Designing the Tudor Rose
Henry Tudor was part of the House of Lancaster, Elizabeth was of the House of York. These were the two most powerful of all of the noble families in England at the time. The Lancastrian faction was rising against Richard III who was a Yorkist. The rebellion being instigated by the disappearance of the two young princes in the Tower of London. The princes being the young sons of Edward IV.
Richard was defeated in the Battle of Bosworth Field leaving the way open for Henry to take the throne, which his did, becoming King Henry VII. This marked the birth of the Tudor Dynasty which was to follow. His claim on the throne however was not as solid as he would have liked, therefore a marriage to Elizabeth of York would solidify his claim as she was the daughter of Edward IV. The floral emblems of the two houses were merged which created what became known as the Tudor Rose.

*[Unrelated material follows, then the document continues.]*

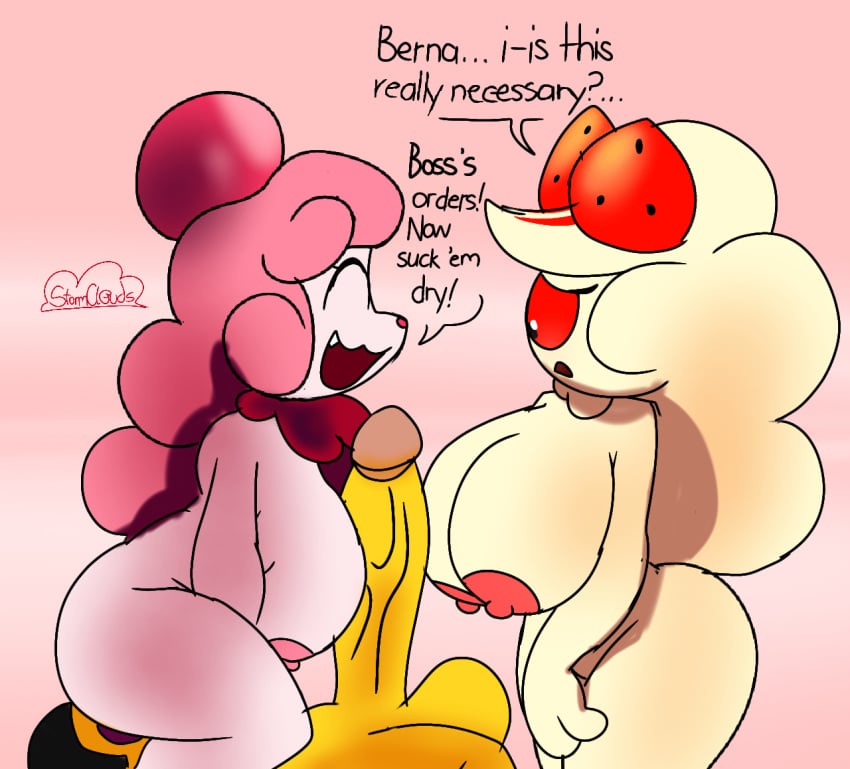 alcremie animate_inanimate anthro anthro_only areolae big_breasts breasts canine closed_eyes dialogue food_creature furry hi_res huge_breasts huge_cock nipples open_mouth penis pokémon_(species) pokemon slurpuff stormcloudsart strawberry tagme text thick_thighs tongue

England's National Flower is a Rose
The rose has been England's national flower since the War of the Roses (1455-1485). It is the white rose of the House of York which lies at the centre of the Tudor Rose, with the red rose of the House of Lancaster surrounding it. The design was created especially to symbolise unity as well as mutual regard for the families towards each other. The emblem was used in many different ways including as a badge which was worn by individuals as a symbol of loyalty and allegiance. The Tudor Rose is as much a part of English heraldry now as it has always been, and is still worn on the uniform of the Yeoman Guards (Beefeaters) at the Tower of London.
Tudor Rose of England
Look at the architecture of many old buildings in England, and you will most likely see a Tudor Rose somewhere. They can appear on ceilings, in mouldings and as reliefs in all kinds of historic buildings. Some of the best examples of its use can be found on Anne Boleyn's Gate in London. Builders, masons and architects would have the rose installed anywhere they thought was appropriate. There was even a Tudor Rose found carved into the guns on the Mary Rose, Henry VIII famous gun ship. Today the design is still being used and can be found on the reverse of some 20p coins. It is an English tradition which has stood the test of time and will no doubt still be used for many years to come.